- _What is required_: Would you please print exactly the lines that run from the one with "Tek Kişilik Oda, Sigara İçilebilir" to the last line of the data, both included, without any pictures?

- _Data segment_:
⟨

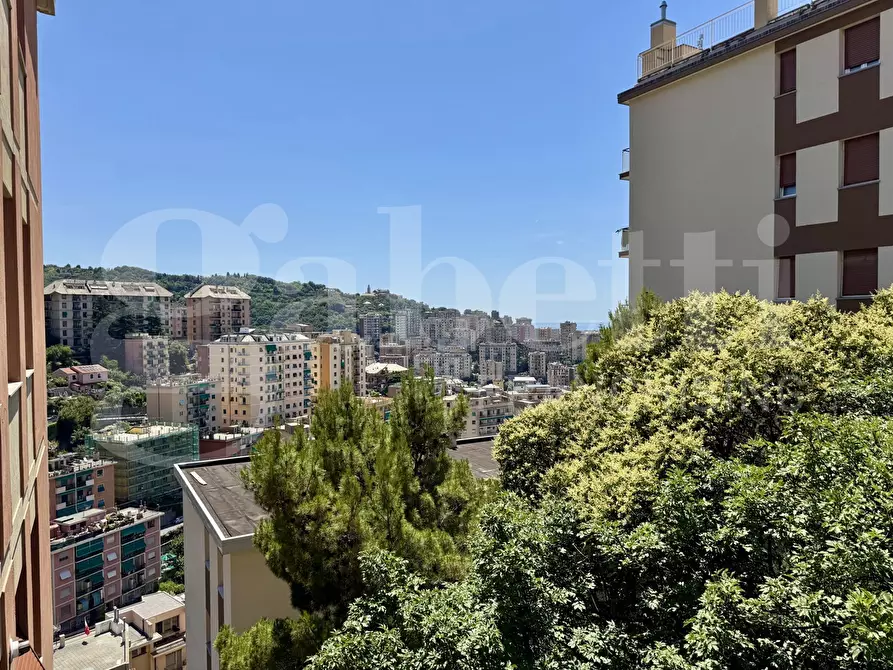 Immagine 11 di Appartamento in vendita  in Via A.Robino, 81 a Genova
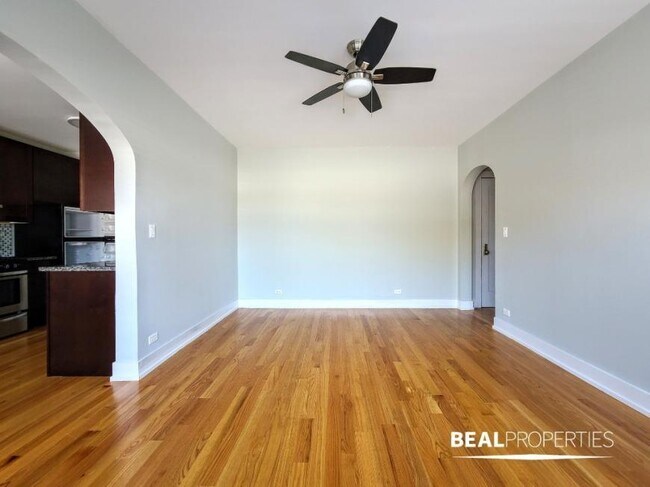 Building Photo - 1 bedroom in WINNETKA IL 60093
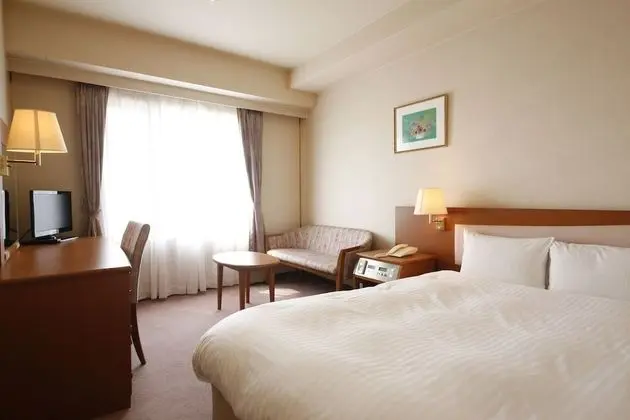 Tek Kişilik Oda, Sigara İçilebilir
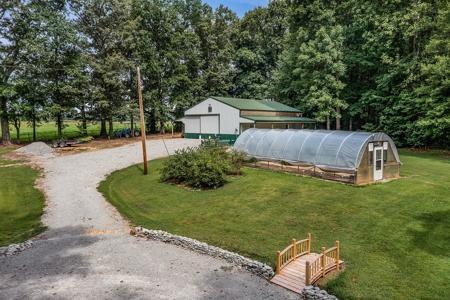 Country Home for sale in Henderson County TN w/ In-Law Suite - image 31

⟩

- _Result_:
 Tek Kişilik Oda, Sigara İçilebilir
 Country Home for sale in Henderson County TN w/ In-Law Suite - image 31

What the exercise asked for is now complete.